I’ve started packing
in preparation for leaving London. My clothes and books are going into storage,
to be unpacked and rediscovered in a new life in Berlin, while all I need for
the 65 days of walking and living on a path is going in a rucksack. I’ll be camping
most nights. Whenever I’ve camped before it’s been with friends, with cooking
kit and tent pegs split over the party, this journey will be the first time
that I have camped alone. I’ve begun to walk alone though, to train myself
physically for what’s to come but also mentally. The past year has been one
where I’ve avoided being alone with my thoughts, where I’ve tried to crowd the
ache of sadness from my mind with chattering. Silence has been a threat – disclosing
inner discord. For a long time my customary retreat, of reading, was also
denied to me. I have never before put away so many books unfinished. So this
long, often solitary journey I’m soon to begin will be one where I’ll be
reacquainted with me, and with the thoughts I have tried to avoid. I expect
this to be painful, but I also know that the path will aid me, and that the sea
is going to be my companion for every step. The sea, which restores me.
I recently walked the
Chilterns, alone apart from flying ants that dive bombed me for fun. The sky read grim in the morning, with
bottom heavy clouds seeking rest on nearby hills, but the longer I walked, the
lighter the day became.
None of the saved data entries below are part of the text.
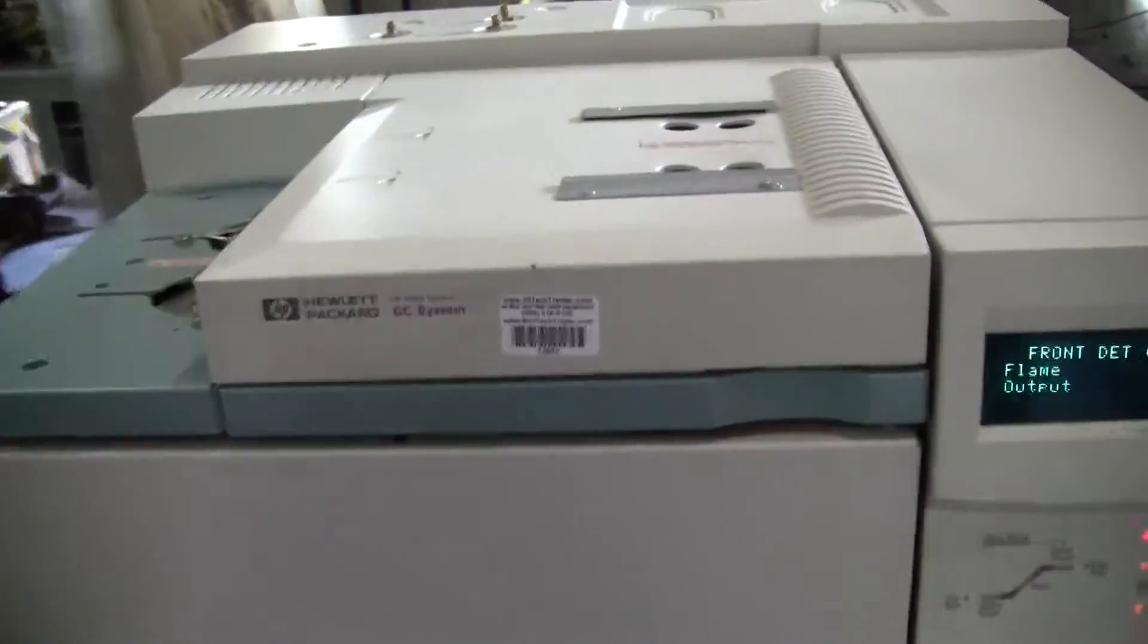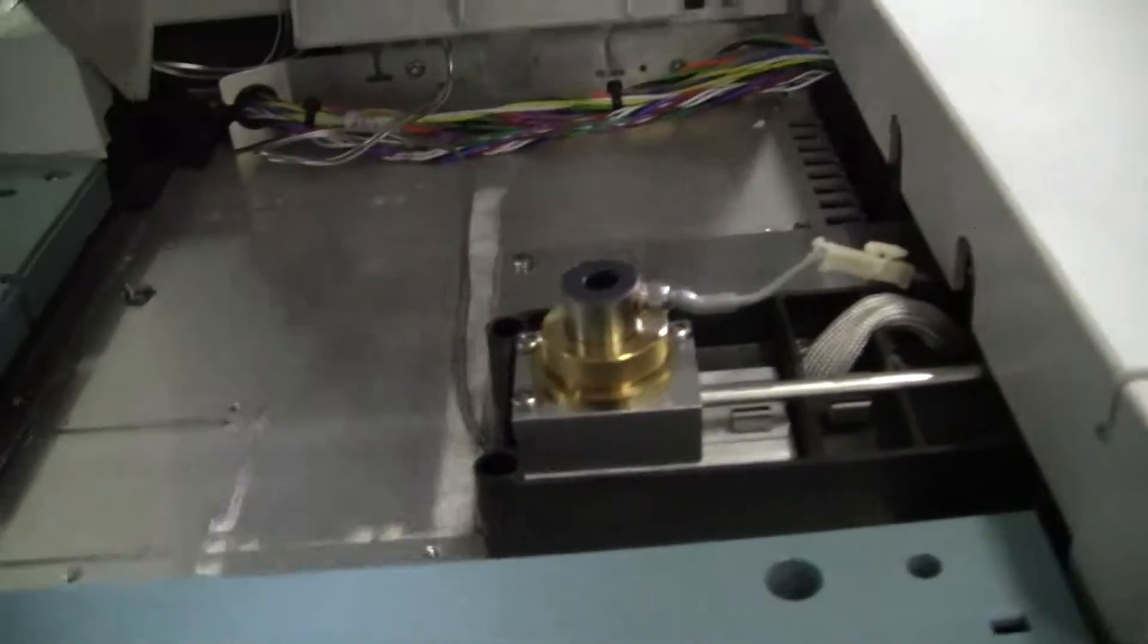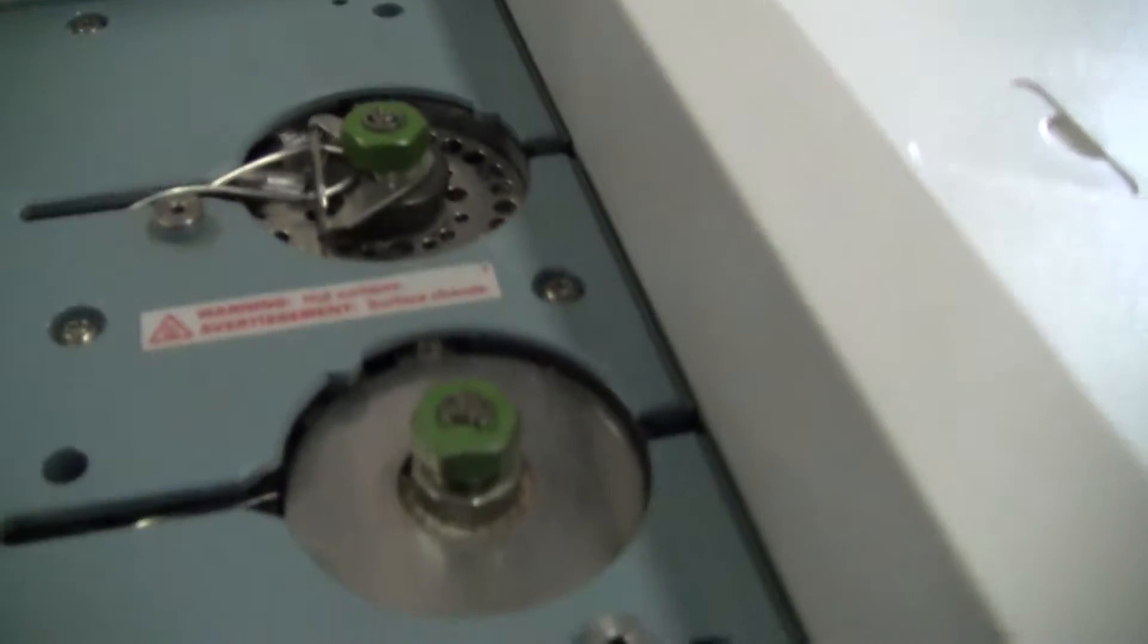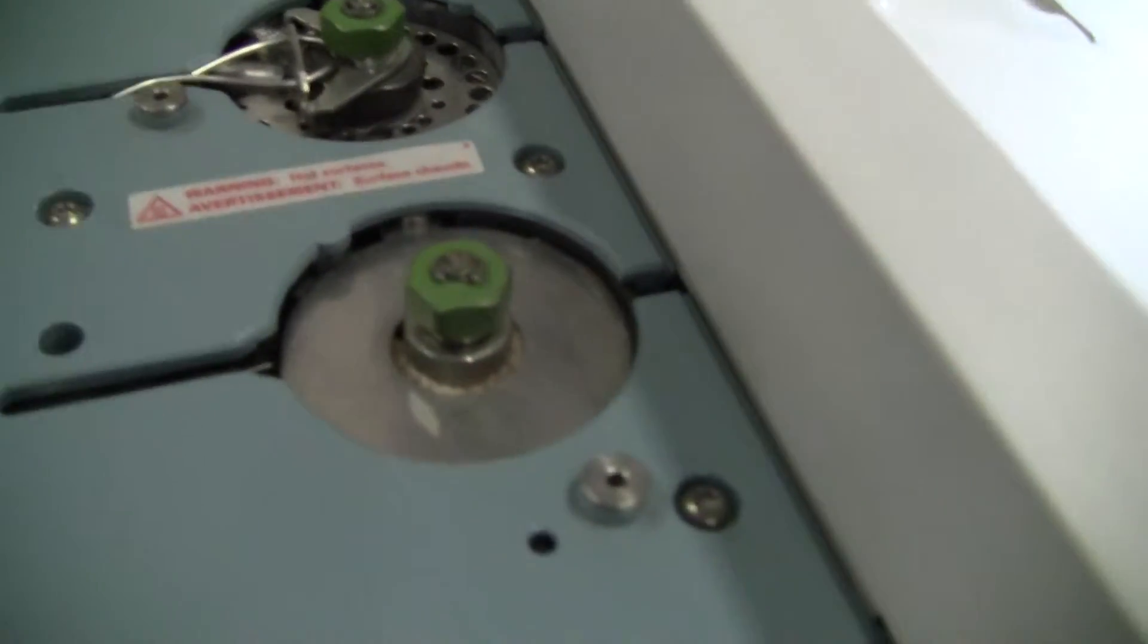This particular GC is set up to be FID, splitless, and a pack port.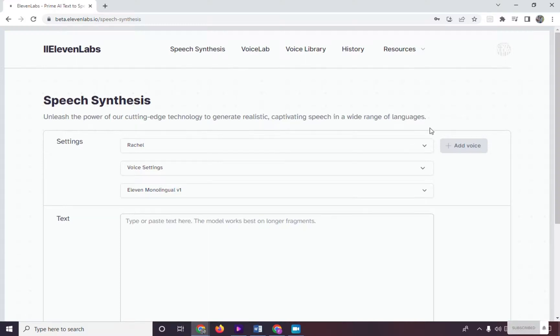Hi. In this video, I will show you how to use the 11labs API. API is the acronym for Application Programming Interface.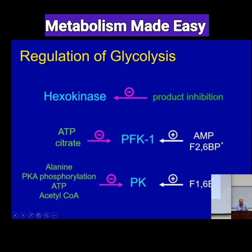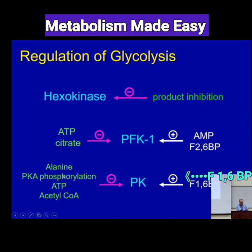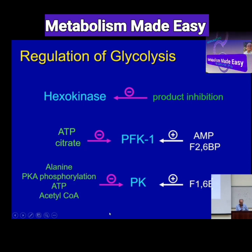PFK1 is activated by AMP and fructose 2,6-bisphosphate, and inhibited by ATP and citrate. Pyruvate kinase is activated by the product of PFK1, fructose 1,6-bisphosphate, and inhibited by alanine, ATP, and PKA-dependent phosphorylation, which is dependent on glucagon activation of the glucagon receptor.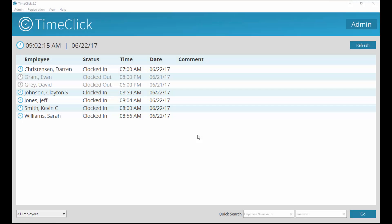In this video, I will provide instructions on how your employees can use TimeClick. First, we'll cover clocking in and out.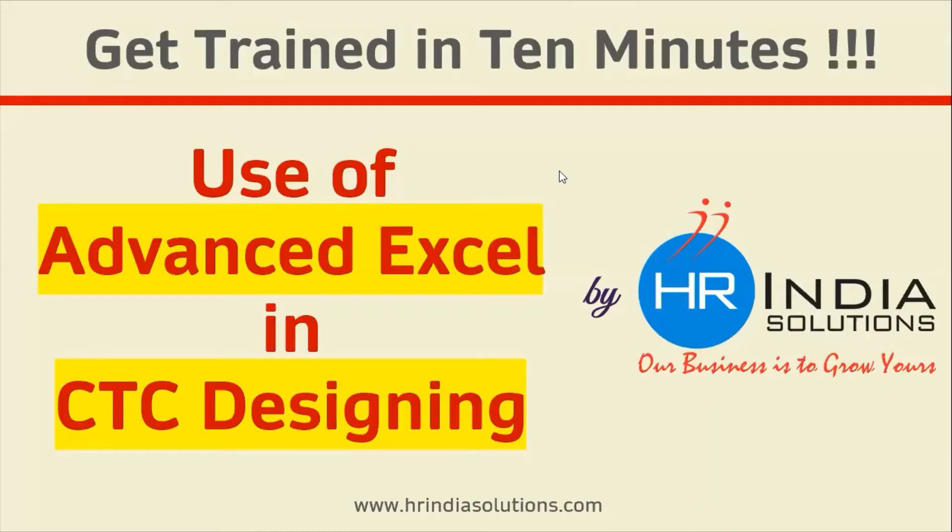Hello everyone, get trend in 10 minutes. We will see the use of advanced Excel in CTC designing.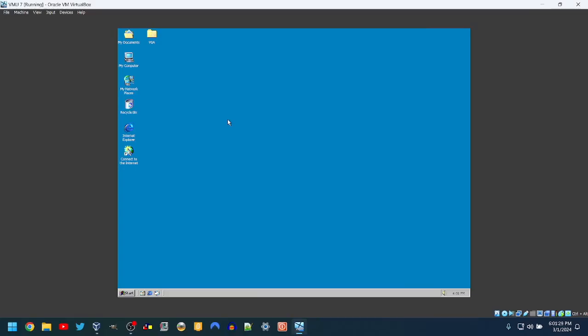Heya kids, so today we're going to be doing another episode of VM Upgrade, episode 7, Windows 2000 to Vista.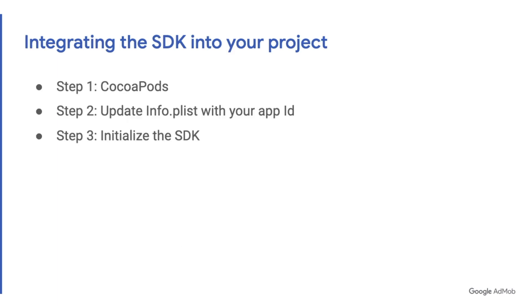The first step is to use CocoaPods to add the SDK to your pod file. The next step is to add your app ID to your info.plist and finally you'll initialize the SDK in your app delegate.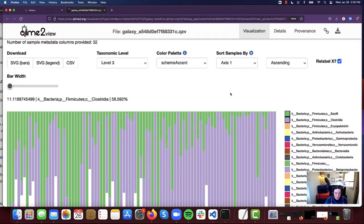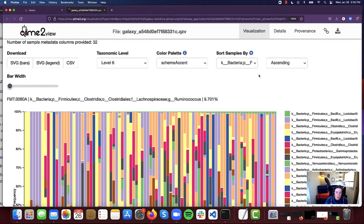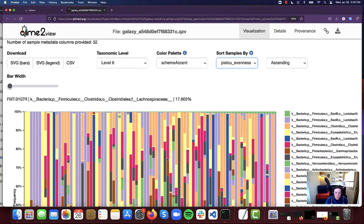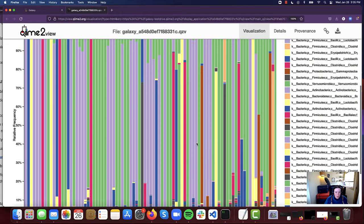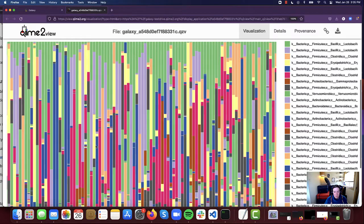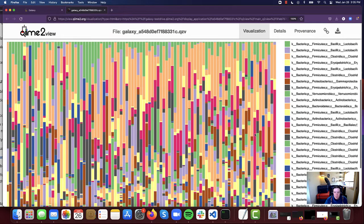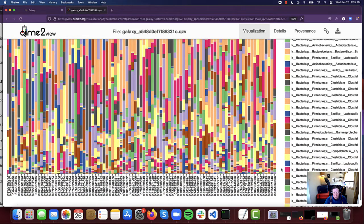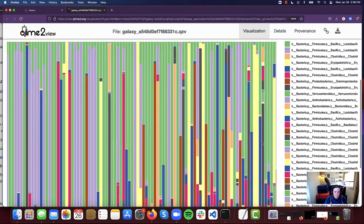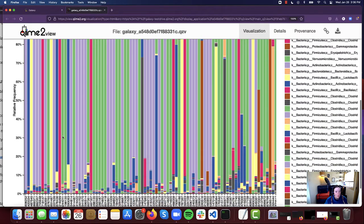One more example I wanted to take a look at — I'm going to increase our level to level six so we're looking at a lot more detail, and then I'm going to go ahead and select evenness as our sorting. As our evenness value increases, we can see kind of what we would expect: a lot more even distribution of these different taxa. At our highest evenness value, we're seeing a pretty even distribution, and on the other end we can see that we're pretty heavily dominated by primarily one taxa.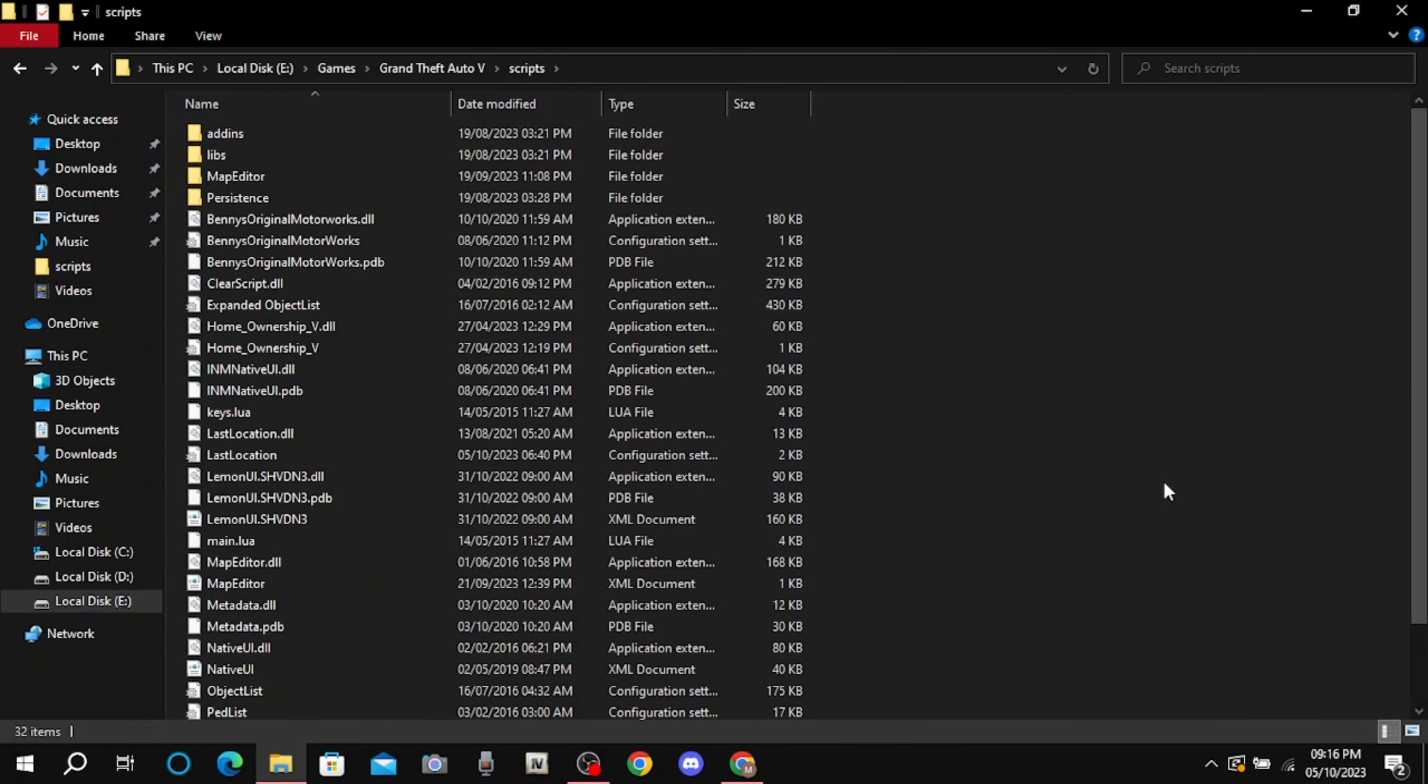We successfully installed Benny Original Motorworks in GTA 5. Now open GTA 5.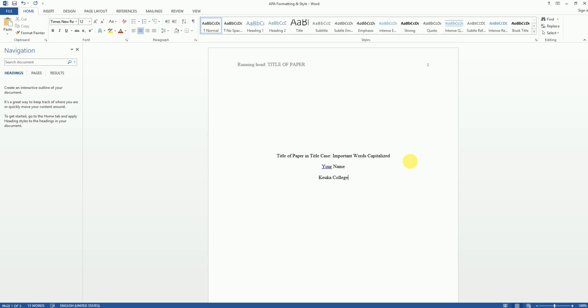This is all that is required of an APA title page. However, your instructor might prefer that you include other information such as their name or the date. Ask your instructor what they would like you to do on your title page. Thank you.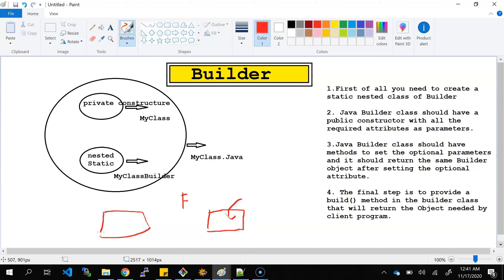Builder design pattern efficiently provides the way to create the object. The main purpose of the builder design pattern is that you can create the object step by step. This is the first step, this is the second step, third step, and finally whatever your object will be needed, you will create it at the final stage. So step by step you create the object, and finally you build the object — whatever is required for the client or your project. That is the purpose of the builder design pattern.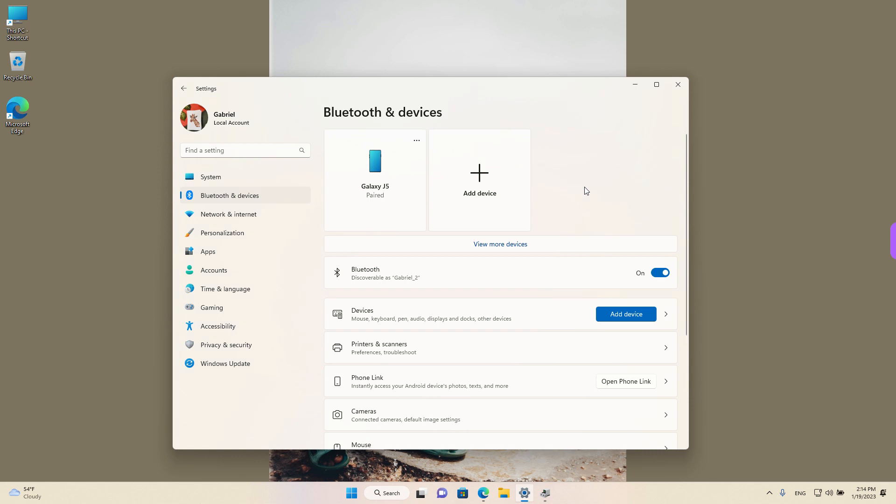Hey guys, welcome back. Today we will see how to change the Bluetooth name on Windows 11.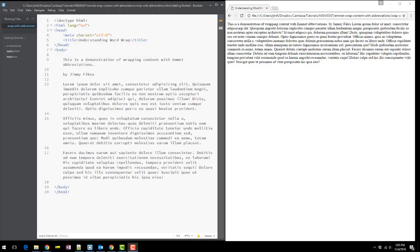There is a wonderful feature in Emmet that we can use here in Brackets. It allows us to have Emmet automatically put in the opening and closing tags without us having to manually enter all this information.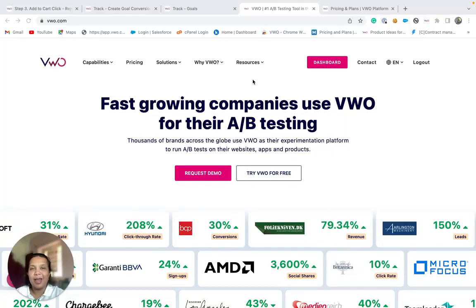Hi, I'm Rwena and welcome to this video where I'll introduce you to goals in VWO Insights.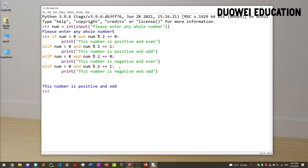The next example we're going to look at is determining whether a given year is a leap year or not. A leap year has 366 days instead of 365. The reason is that a year is actually 365.25 days, so every four years we add those 0.25s together and get an extra day, which usually falls on February 29th. To do this, let's take an input for a year, convert it to an integer, and prompt 'please enter a year.' Let's say 2004.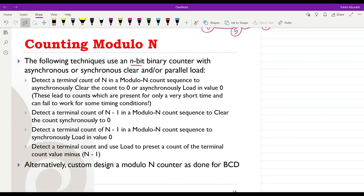Here we are going to learn how we can design a counting module-N counter using the synchronous N-bit binary counter. We are going to follow a technique which uses an N-bit binary counter, for example a 4-bit binary counter, with a synchronous clear and parallel load in order to construct a module-N counter.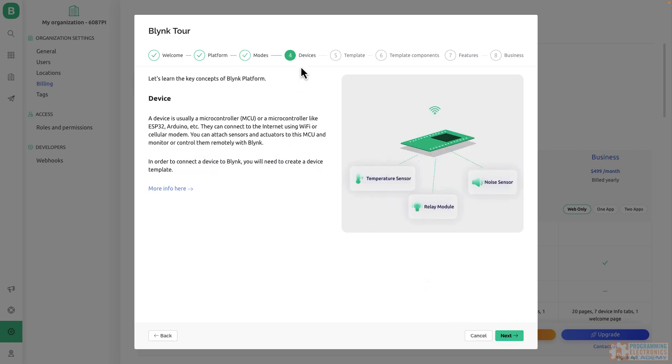Now, this is talking about devices. Again, devices are like your microcontrollers, right? ESP32s, different types of Arduino, something that's got some type of wireless communication. We'll be using an ESP8266 in our example.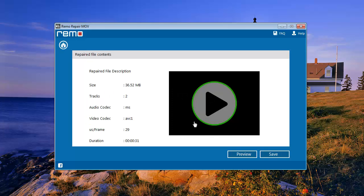On next screen, you will get the repaired MOV file. You can use the preview button to view the repaired MOV.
Walking,
just walking, feels an indulgence at times when duties press, but this day I
had nothing to do but walk, and make my own the memories of these hills I have previously
always shared. I followed a river for miles, sometimes walking by its side and
resisting the urge to dip my feet in, but more often from a distance, climbing
to the edge of the valley and out of earshot of its hurry onwards. As the afternoon
drew on the path became a muddy track where stones made a natural staircase,
and at the summit, it described the edge of a bluebell wood. I stopped and the
air seemed to hold silence, while a veil of gnats danced in emerging sunlight.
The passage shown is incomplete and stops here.